▸ **Your task**: When you reach the line holding "Louis Vuitton Dark", please begin to restate the lines word for word and continue through the last one in the material, excluding pictures.

BEGIN Source information

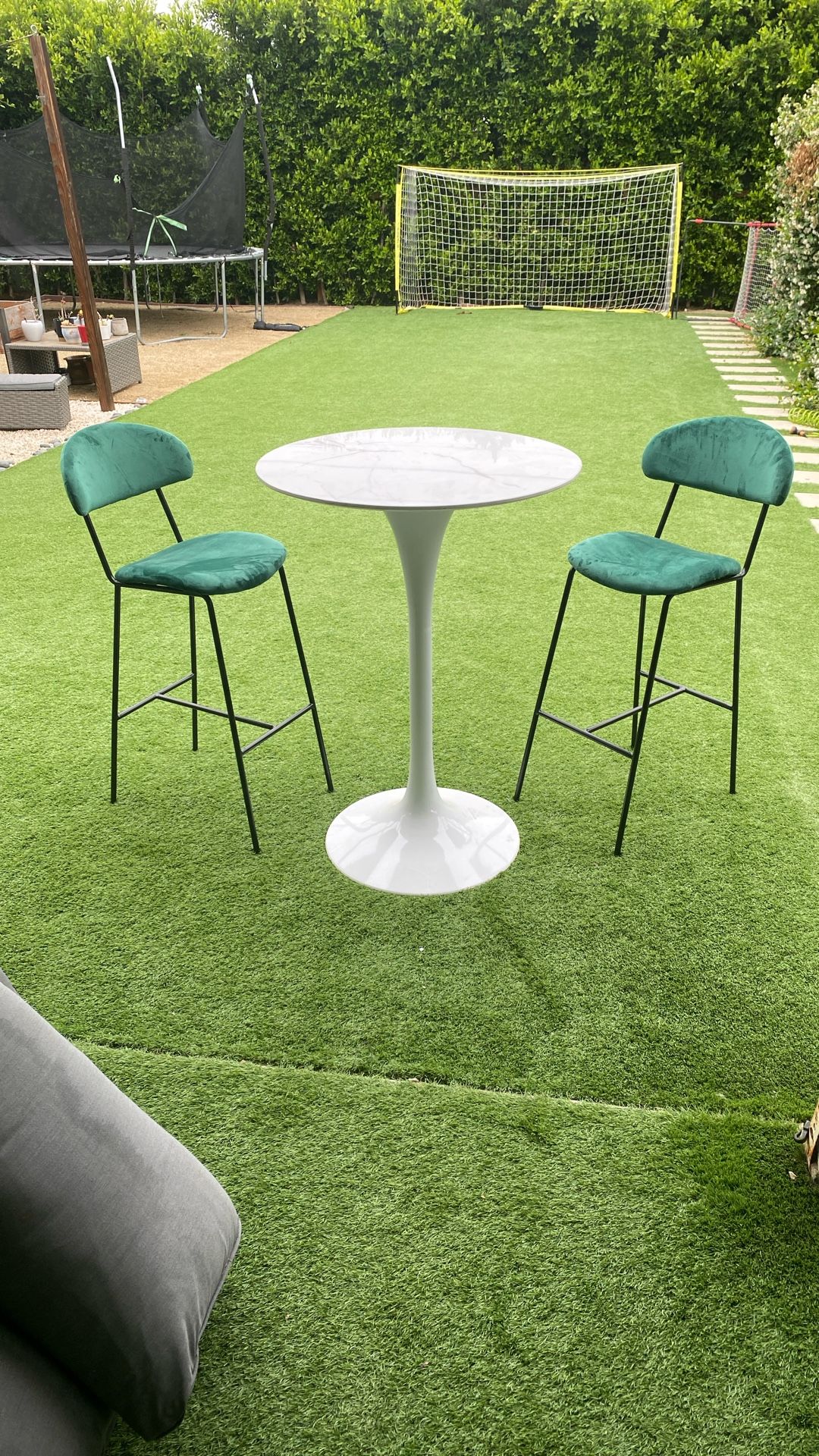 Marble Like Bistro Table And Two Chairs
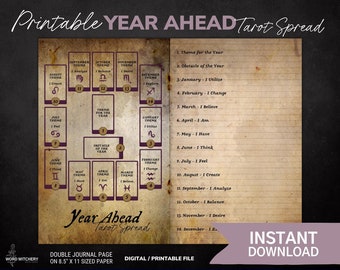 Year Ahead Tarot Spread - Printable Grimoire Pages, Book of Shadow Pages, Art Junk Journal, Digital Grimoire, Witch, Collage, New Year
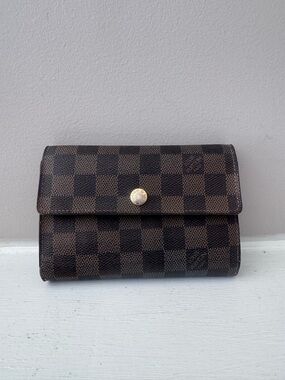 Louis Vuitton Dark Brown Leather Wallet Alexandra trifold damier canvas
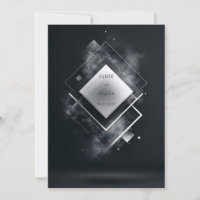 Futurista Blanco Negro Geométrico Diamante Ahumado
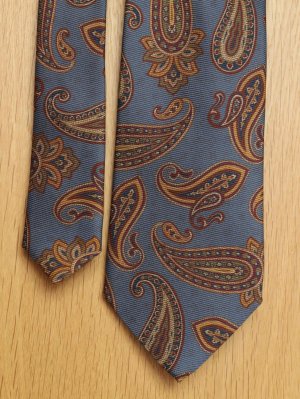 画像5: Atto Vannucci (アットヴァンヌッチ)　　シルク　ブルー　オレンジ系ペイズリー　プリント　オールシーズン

END Source information

▸ **Output for this exercise**:
 Louis Vuitton Dark Brown Leather Wallet Alexandra trifold damier canvas
 Futurista Blanco Negro Geométrico Diamante Ahumado
 画像5: Atto Vannucci (アットヴァンヌッチ)　　シルク　ブルー　オレンジ系ペイズリー　プリント　オールシーズン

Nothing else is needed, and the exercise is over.